Member of Parliament for Newcastle-under-Lyme
- In office 12 December 2019 – 30 May 2024
- Preceded by: Paul Farrelly
- Succeeded by: Adam Jogee

Personal details
- Born: Aaron Stuart Bell 25 February 1980 (age 46) Dulwich, Greater London, England
- Party: Conservative
- Education: St. John's College, Oxford (BA)

= Aaron Bell (politician) =

British Conservative politician

Aaron Stuart Bell (born 25 February 1980) is a British Conservative Party politician who served as the Member of Parliament (MP) for Newcastle-under-Lyme from 2019 to 2024.

==Early life==
Bell was born in Dulwich, south east London, to parents Stuart and Janet Bell. He was educated at St Olave's Grammar School (a voluntary aided grammar school) in Greater London, and then privately educated at Episcopal High School in Alexandria, Virginia, USA. He then studied PPE at St John's College, Oxford. Bell graduated with a BA in 2001.

Before his political career, Bell was a successful quizzer: he was part of the St John's College, Oxford team that were runners up in the 2000–01 series of University Challenge. In 2001, he took part in The Weakest Link, being the final person voted off in the episode but beating future Eggheads panellist CJ de Mooi. He won the Krypton Factor in 2009; he was part of the Epicureans team that won Only Connect in 2010; he also won £25,000 on Deal or No Deal in 2006.

Bell worked as a trading development manager from 2003 to 2006, being employed by Ladbrokes. He was a senior trading performance analyst from 2006 to 2019 for the online betting company Bet365, and co-founded DivideBuy, a financial technology firm which employs 40 staff in Newcastle.

== Political career ==
Bell stood in the Labour-held seat of Don Valley in South Yorkshire at the 2017 election, but was unsuccessful. Bell was elected as MP for Newcastle-under-Lyme at the 2019 general election being the first Conservative MP for the constituency in modern times.

As of 21 January 2020, Bell was an unpaid member of the board of Town Deal Newcastle-under-Lyme.

Bell benefitted from hospitality worth thousands of pounds, provided on behalf of the gambling industry. He was a member of the All Party Parliamentary Group on Gambling, spoke out against tougher regulation of gambling and criticised measures taken by the gambling industry regulator to reduce addiction.

In November 2021, he was one of 13 Conservative MPs who voted against a government-supported amendment to defer the suspension of Conservative MP Owen Paterson who was found to have breached lobbying rules.

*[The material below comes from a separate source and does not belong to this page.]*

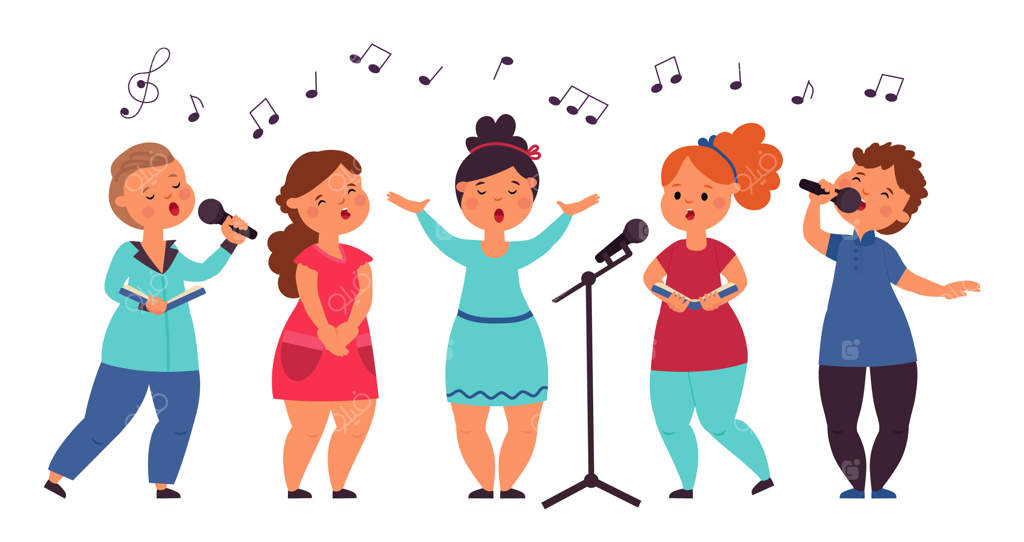 گروه کر کودکان دختر بامزه و خواننده هنرمند نقاشی کنسرت موسیقی کودکانه گروه موسیقی شخصیت‌های کارتونی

Bell was elected Vice Chair of the All-Party Parliamentary Humanist Group in 2021. He became the secretary in 2022.

In January 2022, in the wake of the Partygate controversy, Bell publicly criticised Boris Johnson by asking: "Does the Prime Minister think I'm a fool" for properly following COVID-19 regulations during his grandmother's funeral the year before.

==Sexual misconduct==
On 31 May 2024, Bell announced he would stand down at the 2024 United Kingdom general election due to personal and family reasons. In October 2024, and following a complaint in February 2024, parliament's Independent Expert Panel reprimanded him for "brazen and drunken" sexual misconduct in parliament’s Strangers' Bar in December 2023 by touching a young female member of staff's thigh, waist and bottom without her consent. Bell apologised for his behavior and acknowledged that his decision to stand down was motivated in part by the investigation.

== Personal life ==
Bell lives in Newcastle-under-Lyme with his wife Emily, whom he married in 2008. They have three children.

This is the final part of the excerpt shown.